Friday, May 31, 2013

Moving Forward

It's been a little over a month since I wrote about moving in, and now here I am to write about moving out.  I think that's becoming a common theme for me. I'm always moving. It can be exhausting, but as long as I still feel like I am moving forward-- I am embracing it.

To make a long story short, in the past month I have become ill with some disease that I can't shake, I have no health insurance to help find a cure, my boyfriend and I broke up, I'm getting kicked out of my house, my car is breaking down, and I have no money to find a new one.

However, I am not here to complain. Through it all I have found myself happier than I ever was before.   In what feels like losing control over everything, I'm really just reminded that control was never mine-- And that puts my mind at ease. Honestly when I quit fighting for something that was never really mine, I sleep much easier.  I don't know what's going to happen tomorrow, where I an going to live, or what I  am gonna drive, but I'm finally starting to realized stressing out about it isn't going to make it much better.

Too many mornings in my life I have woken up, wondering, "How the hell did I get here?", but lately my first response is to just laugh, and 'roll with the punches'. It's almost a game to me now. Come on World, what else can you throw at me!?

I've got it all under control. Well, I don't but someone does. 


With that said, I am very excited for all the new windows that are opening for every door that's being closed. June should prove to be a very exciting month as long as I can keep my head above water.

I've been at my new job for a few months now and for the most part, I am really loving it.
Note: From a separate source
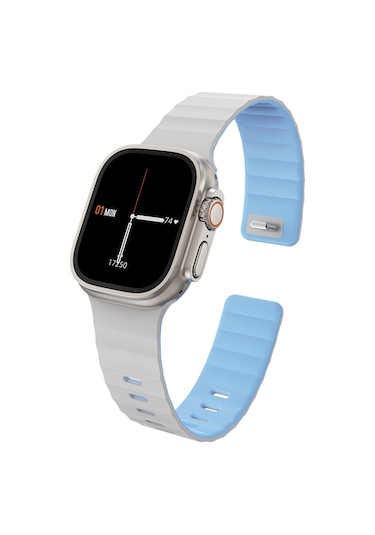 Watch 7 45mm Uyumlu Wiwu Mag Secur Serisi Silikon Kordon Beyaz - Mavi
There are the less than likable parts, but I guess that' why I am paid.  The most exciting part about this job, is that it feels like the first step in the right direction.  For anybody reading this that doesn't know, I work in a care home for children who have autism.  Working with these kids for the past few months has taught me so much about patience, about people, and about myself.  All four of the kids I am working with are non-verbal and have pretty low forms of communication.  They need assistance in most daily tasks, and  need help trying to overcome certain behaviors.  The goal with these kids goes far beyond helping them 'get by' and is rather to enrich their lives, help them develop to the fullest of their capabilities, to make them feel empowered, and to let them feel like a 'normal' member of their community.
I feel like I got kind of distracted there, but the point that I am getting at is that I am genuinely inspired by my work every day.  Everyday I get to see children, young people, developing, breaking boundaries people told them they could never break, and taking steps that they never dreamed of taking. Everyday I go to work and I am sure this is something I want to be a part of for the rest of my life.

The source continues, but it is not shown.